*Exercise directions*. Output the full listing exactly as written, with no pictures in it.

*Dataset content*.
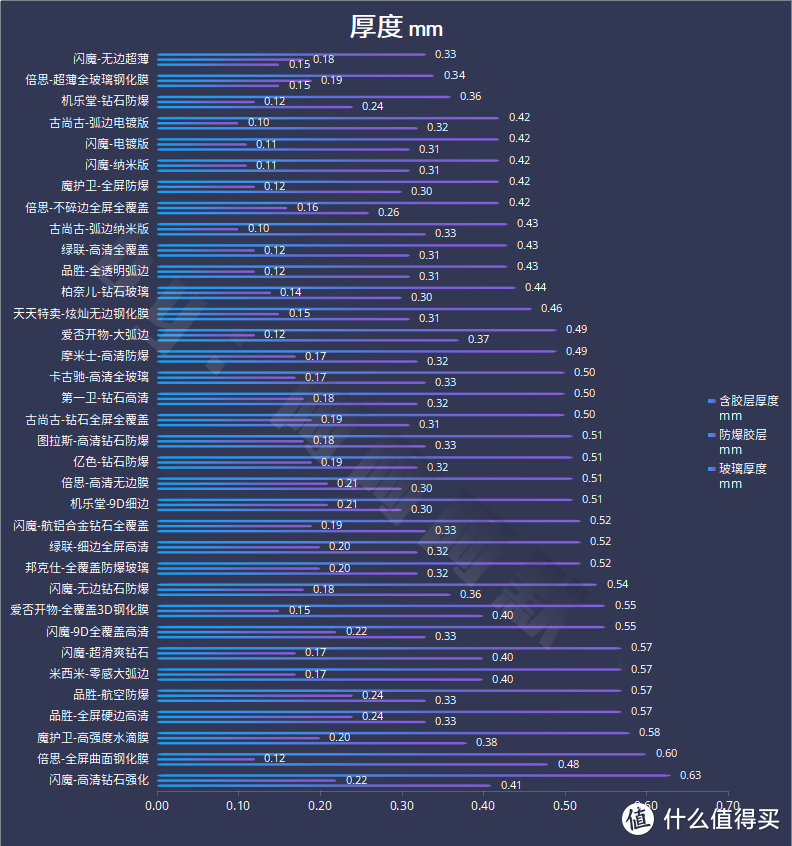 疯了？竟斥资5000元暴力测评35款iPhone12钢化膜！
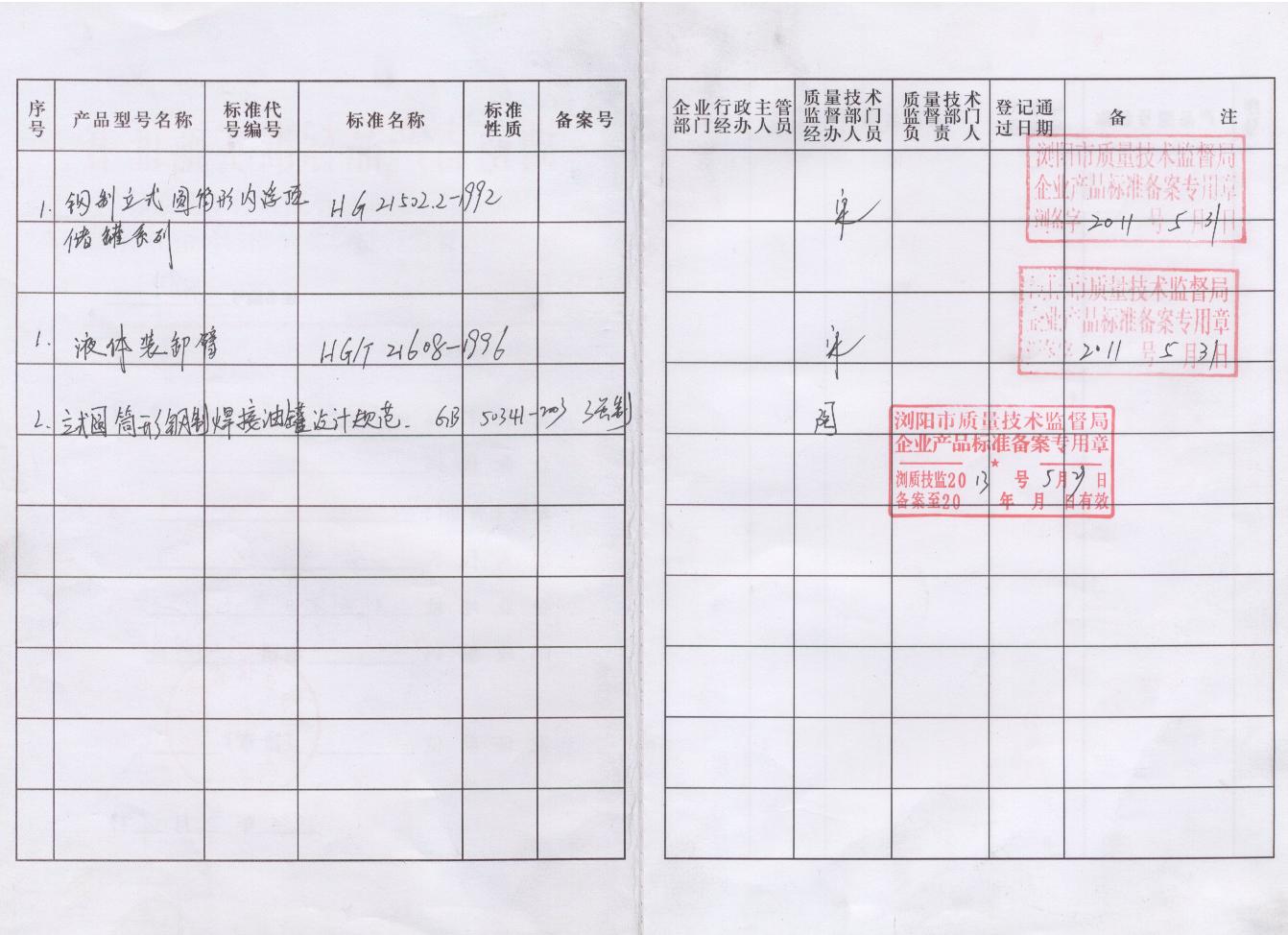 長沙恒泰石化設(shè)備制造有限公司,內(nèi)浮盤,外浮盤,油罐附件,汽車鶴管,火車鶴管,液氨鶴管,石油化工儲運設(shè)備,浮動吸油裝置,電腦發(fā)放柱,火車裝卸棧橋,液位報警器,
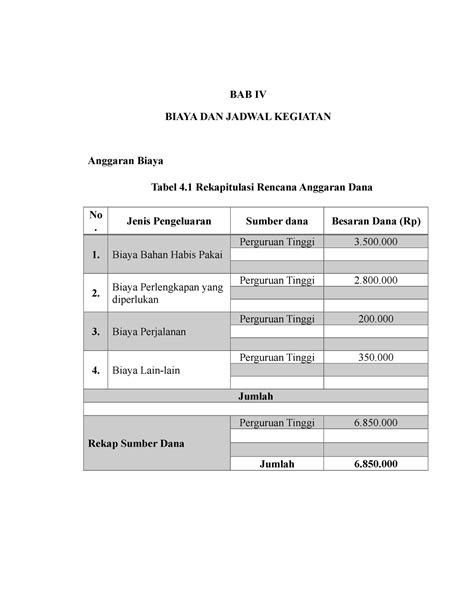 Bab Iv Anggaran Biaya Dan Jadwal Kegiatan Bab Iv Biaya Dan Jadwal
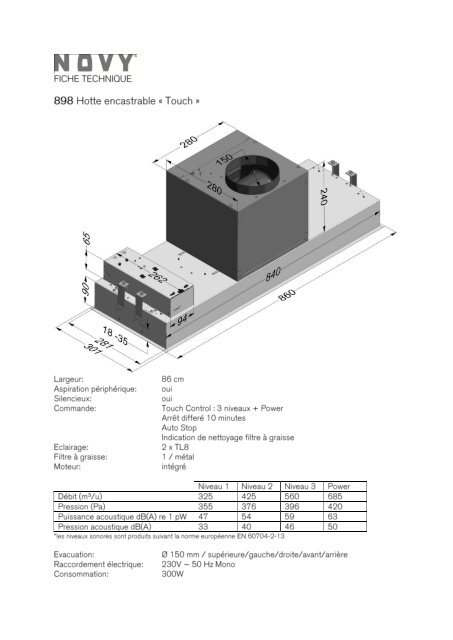 FICHE TECHNIQUE 898 Hotte encastrable « Touch » - Novy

*Exercise result*.
 疯了？竟斥资5000元暴力测评35款iPhone12钢化膜！
 長沙恒泰石化設(shè)備制造有限公司,內(nèi)浮盤,外浮盤,油罐附件,汽車鶴管,火車鶴管,液氨鶴管,石油化工儲運設(shè)備,浮動吸油裝置,電腦發(fā)放柱,火車裝卸棧橋,液位報警器,
 Bab Iv Anggaran Biaya Dan Jadwal Kegiatan Bab Iv Biaya Dan Jadwal
 FICHE TECHNIQUE 898 Hotte encastrable « Touch » - Novy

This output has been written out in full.